Envisager une solution politique, c'est déjà respecter les échéances institutionnelles libanaises, redonner de la crédibilité à l'État, essayer de le réformer mais c'est un très vieux sujet. C'est plus facile à dire qu'à faire. On ne voit pas comment on peut le faire aujourd'hui.
Pour la Syrie, la solution politique suppose d'exclure Bachar el-Assad, de faire fonctionner l'État avec ceux qui ne sont pas compromis par les massacres, de réformer l'armée pour casser le noyau dur sécuritaire familial et clanique qui dirige l'État et d'instaurer un autre mode de relation entre les institutions et la société civile. C'est vraiment une révolution institutionnelle qu'il faudrait. Qui a les moyens de le faire ? Quand on a eu les moyens de le faire – je veux parler des Américains en 2003 en Irak –, cela a été une catastrophe.
La question des jeunes Européens qui partent fait débat dans le monde des chercheurs, À mon sens, on doit y voir l'effet de la prédication salafiste qui s'est installée dans nos quartiers depuis dix ou quinze ans et qui prône la rupture : la rupture avec les institutions, la rupture culturelle, l'idée qu'on ne peut pas s'identifier à un modèle culturel, la rupture dans la façon de s'habiller, etc. Selon moi, cette prédication, si elle n'est pas majoritaire, a été extrêmement dynamique et a constitué un point de référence dans la définition du religieux à telle enseigne que même si quelqu'un n'est pas religieux, la norme pour lui sera la norme salafiste. C'est celle qui s'est imposée dans le quartier. C'est celle à laquelle il va adhérer. Notre responsabilité est double : d'une part, réactiver la citoyenneté et le pacte républicain pour qu'il n'y ait pas de culture de l'enclave. L'autre responsabilité incombe aux citoyens français musulmans de promouvoir un autre discours sur l'islam et sur l'identité que celui des salafistes. La façon dont ces derniers ont kidnappé la norme fait que même un petit dealer ne verra pas forcément de contradiction entre ses activités et le fait de se laisser pousser la barbe ou d'être un bon musulman, car, le moment venu, il pense obtenir la rédemption, celle-ci pouvant passer par une forme d'engagement.

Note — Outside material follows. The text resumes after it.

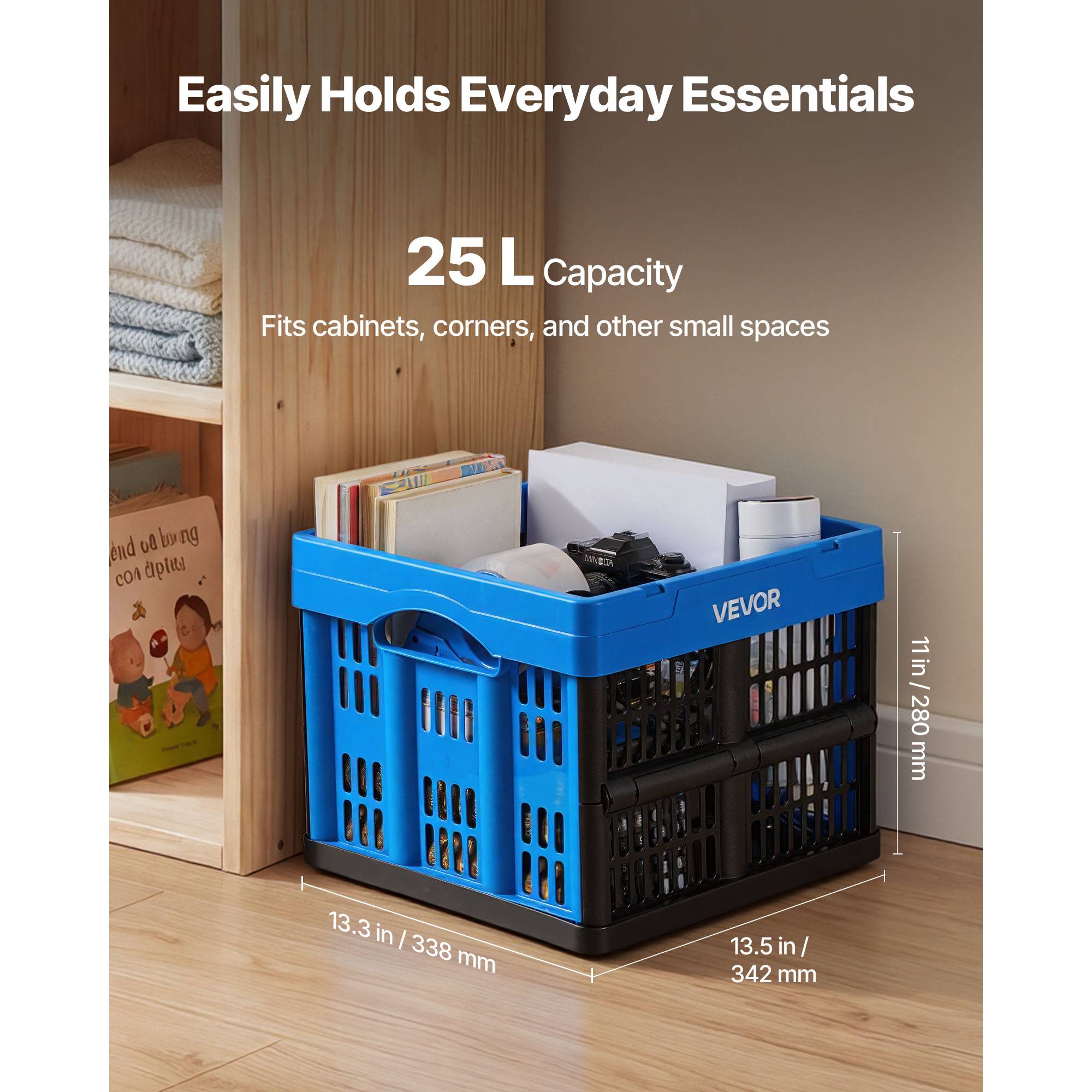 Vevor - Vevor Caisse Plastique Pliable 25 L Lot De 3 Cagette Empilable Rangement Maison - Image 3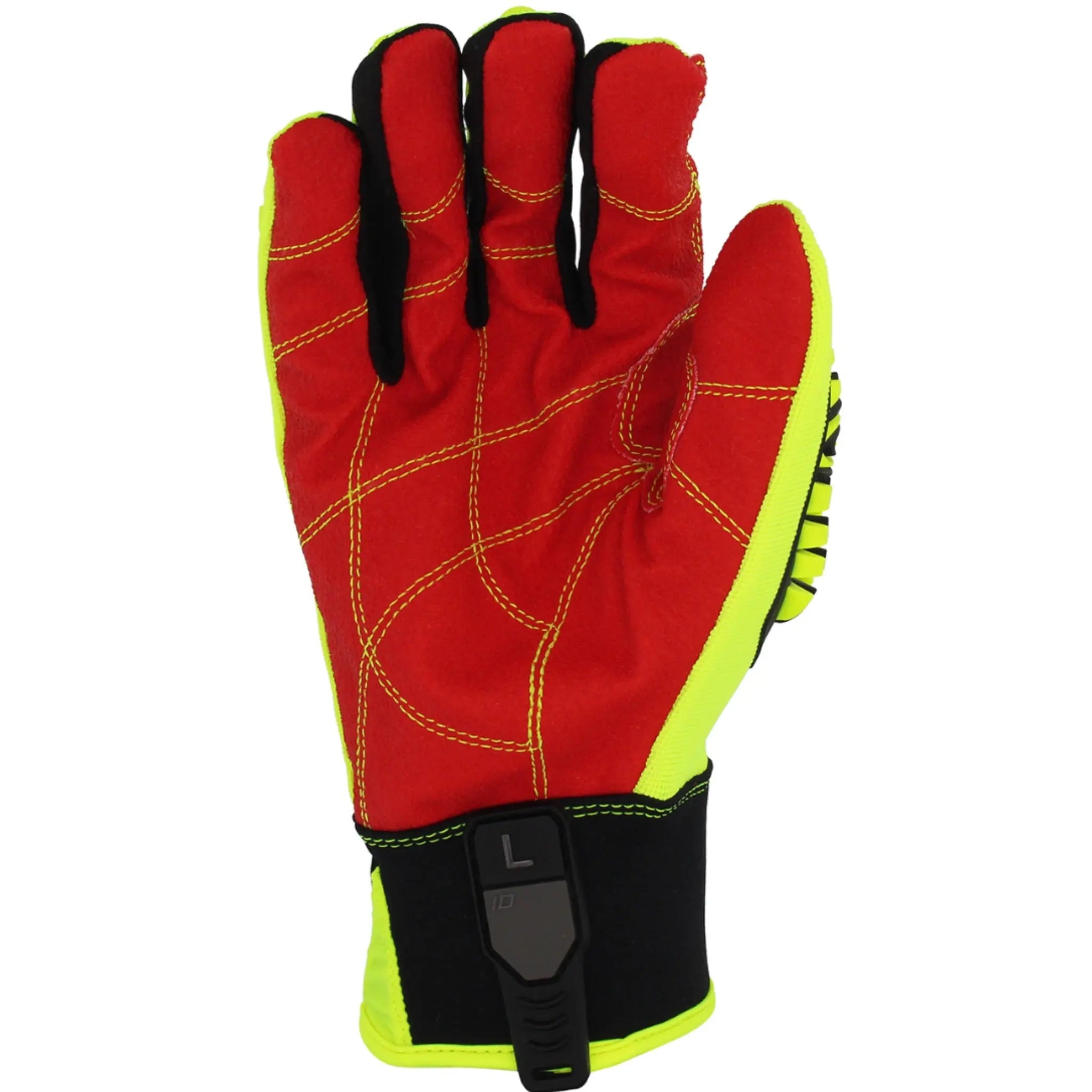 PIP Boss 120-MP2120 Red PVC Grip Palm and Spandex Back, TPR Impact Protection Glove_Front_Image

Enfin, on n'a pas bien mesuré que depuis vingt ans environ, il existe un espace public djihadiste, au travers de tracts par le passé et maintenant sur internet. Dès qu'il y a une territorialisation, il y a un engagement physique, des départs. Le phénomène est beaucoup plus large et impressionnant que dans le passé mais l'idée reste la même : si l'offre religieuse, idéologique s'incarne sur un territoire, pour retrouver ma vraie foi, je dois y aller et quitter une société qui ne m'offre pas de chance, que je déteste. Si vous allez rue Jean-Pierre-Timbaud, vous pouvez acheter La voie du musulman, qui a été un best-seller, dans lequel figurent des chapitres sur les femmes et la façon de les battre, – c'est du salafisme bon teint, mainstream – ou sur les homosexuels et la manière de s'en débarrasser en les jetant d'une éminence, méthode qui a été suivie par l'État islamique. Ces modes de rupture qui s'arriment au religieux et aux textes sacrés provoquent selon moi des effets catastrophiques quand ils sont relayés par des organisations, par l'argent du Golfe et par la culture de l'enclave. Ils facilitent selon moi les départs.